Message Passing Interface

Message Passing Interface (MPI) is the principal method of performing parallel computations on all CHPC clusters. Its main component is a standardized library that enables communication between processors in distributed processor environments.

MPI Distributions
Setting MPI and Compiling
- Compiling
Running with MPI
Common MPI ABI

MPI Distributions

There are numerous MPI distributions available and thus CHPC supports only some of them, those we believe are best suited for the particular system.

More information: MPI standard page.

The CHPC clusters utilize two types of network interconnects, Ethernet and InfiniBand. Except for some nodes on Lonepeak, all clusters have InfiniBand and users should use it since it is much faster than Ethernet.

We provide a number of MPI distributions with InfiniBand support: OpenMPI, MVAPICH2, MPICH and Intel MPI. All these MPI implementations also support multiple network interfaces in a single build, usage is described in a this page.

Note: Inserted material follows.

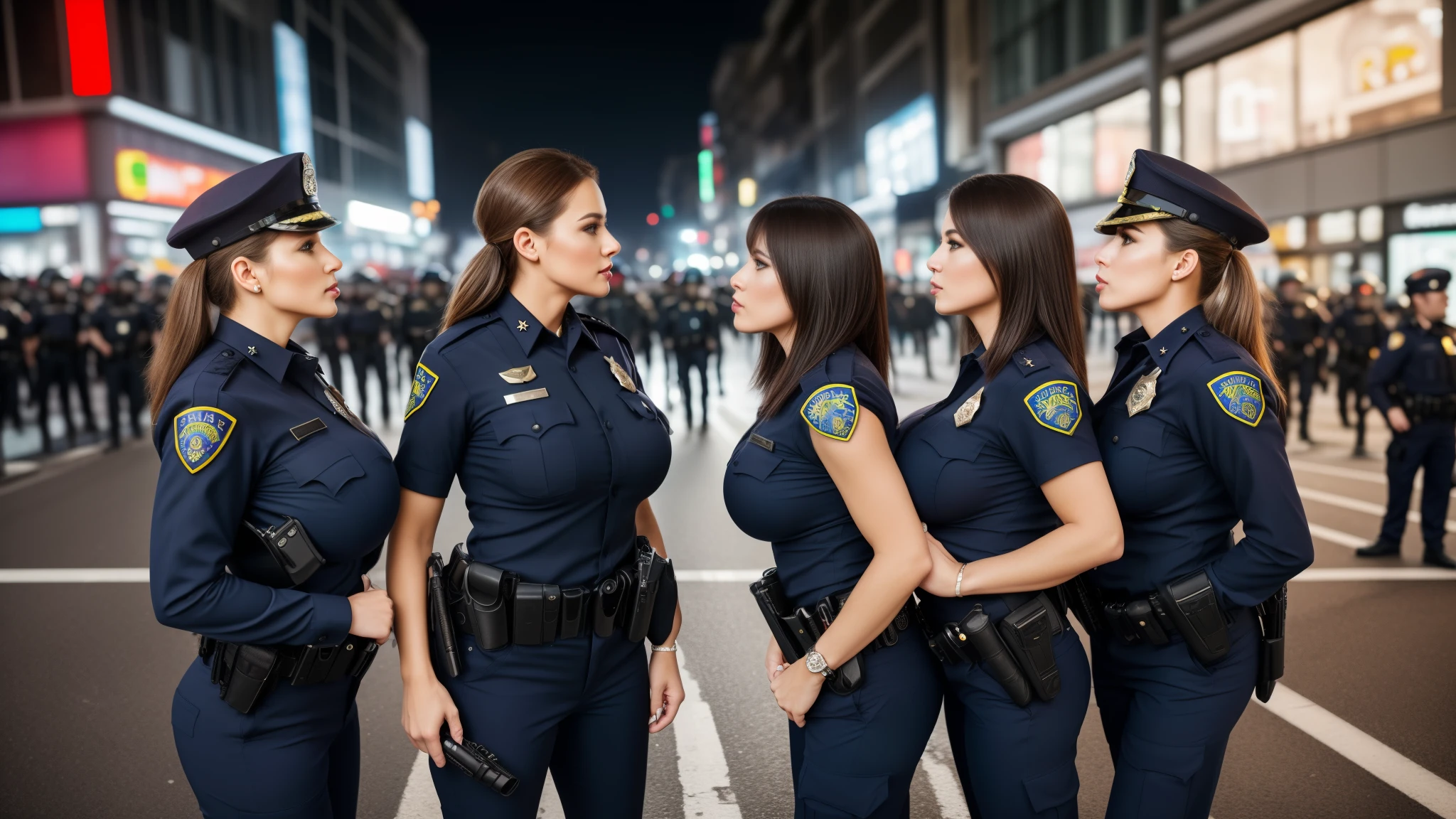 masterpiece,best qualtiy,hdr, hyper HD, 8K,Bokeh,Ultra-fine painting,Sharp focus,Physically-based rendering,Extreme detail description,portraitures,full-body photo，three Female police officers in a very tight buttoned uniform, leaning forward at viewer, (shag hair), Sexy smile, (in city in riot:1.2), (kissing:1.2), perfect eyes, perfect hands, perfect body, perfect hair, (Big breasts:1.3), (EOS R8, 50 millimeters, F1.2, 8K, RAW photo:1.2), photograph by arny freytag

More information from the developers of each MPI distribution can be found here:

Setting MPI and Compiling

Before performing any work with MPI, users need to initialize the environment for the MPI distribution appropriate for their needs. Each of the distributions has its pros and cons. Intel MPI has good performance and very flexible usage, but, we have seen problems with some of its versions on the AMD CPUs. MVAPICH2 is optimized for InfiniBand, but, it does not provide flexible process/core affinity in multi-threaded environment. MPICH is more of a reference platform, for which we build InfiniBand support through the UCX library. Its feature set is the same as that of Intel MPI and MVAPICH2 (both of which are based on MPICH). Intel MPI, MVAPICH2 and MPICH can also be freely interchanged thanks to their common Application Binary Interface (ABI), which main advantage is no need to build separate binaries for each distribution.

Finally, OpenMPI is quite flexible, and on InfiniBand we see better performance than with Intel MPI and MVAPICH2. However, it is not ABI compatible with the other MPIs that we provide. Still, as of late 2023, it is the most versatile MPI distribution across the heterogeneous CHPC resources which is why it is our choice for building most applications.

If you have any doubts on what MPI to use, contact us.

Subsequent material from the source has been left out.